# Eagle County Update - Horse Creek Access



## Gremlin (Jun 24, 2010)

Awesome! Where will this be in relation to Pinball and Rodeo rapids? I'm thinking below both? I haven't been through this section and will definitetly be looking at my options in the near future. Thanks for the updates!

Does Eagle County ever talk to Garfield County? I don't think we have seen a new or upgraded access in 20 years. Oh well, I'm close enough to spend my time (and money) in Eagle County as I intend to do tomorrow.


----------



## Chuch (May 23, 2008)

very very cool, thanks for the update


----------



## OldFatMan (Jan 10, 2011)

NICE! Thanks Toby. Well played Eagle County.


----------



## tsprunk (Feb 27, 2007)

Horse Creek River Access is about 5 miles upstream from Cottonwood and 7 miles downstream from Pinball.


----------



## Carroth (Mar 18, 2013)

Sounds great. I agree with Gremlin, when is Garfield county going to see some benefit in expanding/improving access. A couple new ramps on the Colorado/Roaring Fork would make a big difference. Expansion of 2 Rivers would be really nice too. At least they FINALLY improved the road to the Carbondale boat ramp. Eagle County has foresight. Garfield County=clueless.


----------



## tsprunk (Feb 27, 2007)

Well, I can't speak for other counties, of course. Eagle County's ability to fund such projects is entirely because of the Open Space Program Fund, which represents a small portion of property tax. Pitkin has a similar fund, as do all of the Front Range Counties, Summit County, and numerous municipalities.

Garfield has attempted twice to pass such a measure and both times the voters turned it down.
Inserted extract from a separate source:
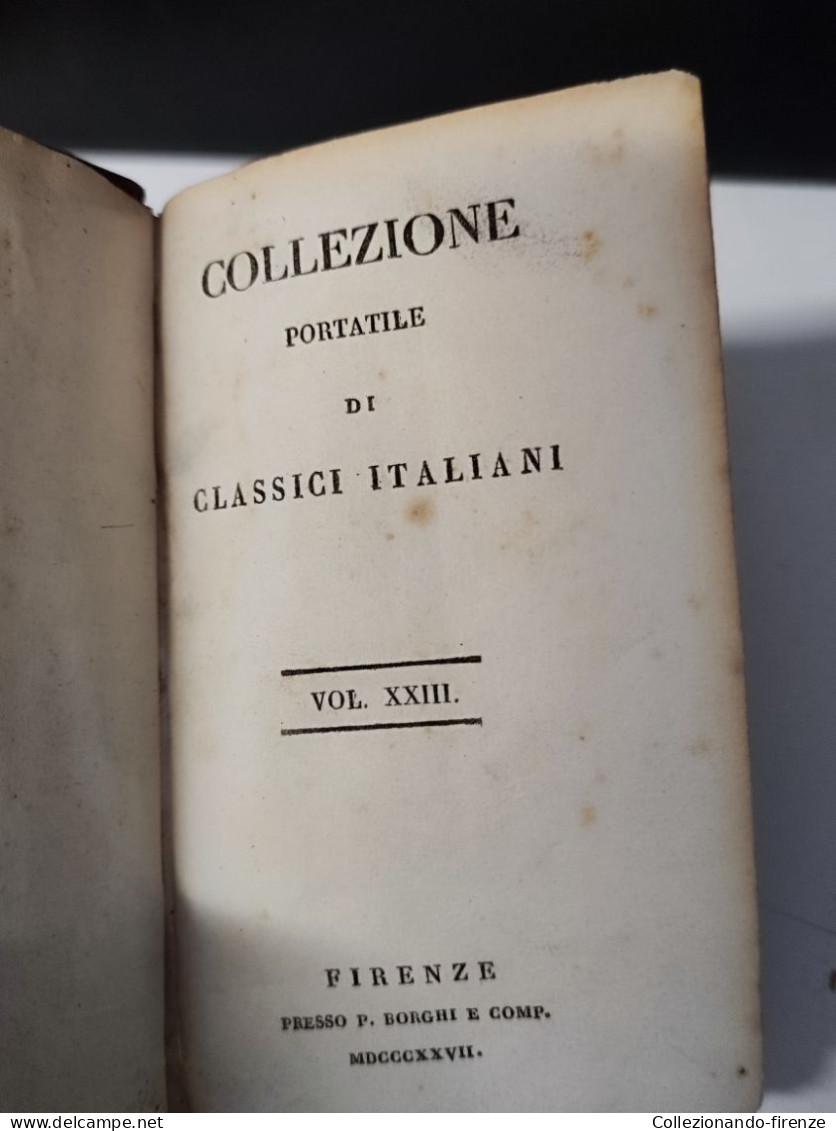 Rime di Francesco Petrarca Firenze 1827 Vol. 1-2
I went out to Horse Creek River Access Site today and the heavy equipment is rolling in to start work! YAY!

Toby Sprunk
Eagle County Open Space Director
970-471-6776


----------



## skipowpow (Mar 1, 2011)

I really like the way 2 Bridges turned out, so keep up the good work!


----------



## JohnR (May 23, 2005)

Nice, good work, now fix Gypsum Ponds. Seriously, I'm not sure what 'community' is, but I don't think it's a boat ramp. Sell it as an economic development project, because drift boating that lower section has potential, but needs work. Put in at the Fairgrounds, and then what? When it's muddy that BLM takeout is a disaster.


----------



## tsprunk (Feb 27, 2007)

Gypsum Ponds State Wildlife Area is owned and managed by Colorado Parks & Wildlife, not Eagle County Open Space, so we have little say in how that property is managed, but I will share your comments with their staff at our next meeting.
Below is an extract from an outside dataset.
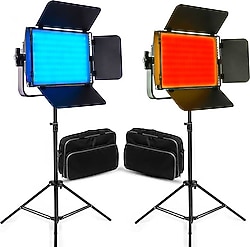 GDX CF-LED 600RGB Panel LED 2'li Işık Seti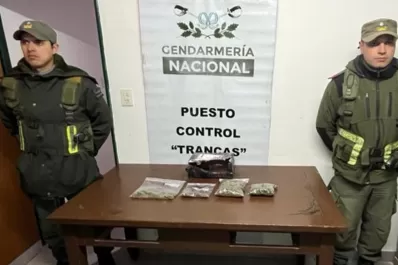 Gendarmería secuestró una importante cantidad de marihuana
I agree with the idea of improving access on the lower Eagle, and we have plans to develop a boat ramp on the Duck Pond Open Space, which is located between Gypsum and Dotsero. If all goes according to plan it will be built in 2014 to accommodate boating.

A newly developing partnership between Eagle County Open Space, Town of Eagle and Town of Gypsum aims to more fully address the issue of providing additional boating and fishing access along the river. The work completed on the Colorado River has been well received and we look to take a similar approach along the Eagle, funding dependent, of course.

Thanks for the comments! 

Toby Sprunk
Eagle County Open Space Director
970-471-6776


----------



## JohnR (May 23, 2005)

Something is going to have to be done on the Eagle, like you did on the Colo, tho I understand it will be of lesser extent. Driftboating is now about the only way to fish large parts of the river, especially with the extend of 'no trespass' postings of the last few years. Is even 10% of the water above Wolcott accessable now?


----------



## Andy H. (Oct 13, 2003)

JohnR said:


> Nice, good work, now fix Gypsum Ponds. Seriously, I'm not sure what 'community' is, but I don't think it's a boat ramp. Sell it as an economic development project, because drift boating that lower section has potential, but needs work. Put in at the Fairgrounds, and then what? When it's muddy that BLM takeout is a disaster.


John,

Toby is a public servant using MountainBuzz to tell one of a variety of communities he works with about the work Eagle County has done to improve recreational opportunities for us. He's doing his job to get these river access points put in during an era of budget cuts and underfunded and decaying public infrastructure all over the country. Did I also mention the fee increases we're seeing at many public recreation areas? The Eagle County access locations Toby's talking about won't have fees either. 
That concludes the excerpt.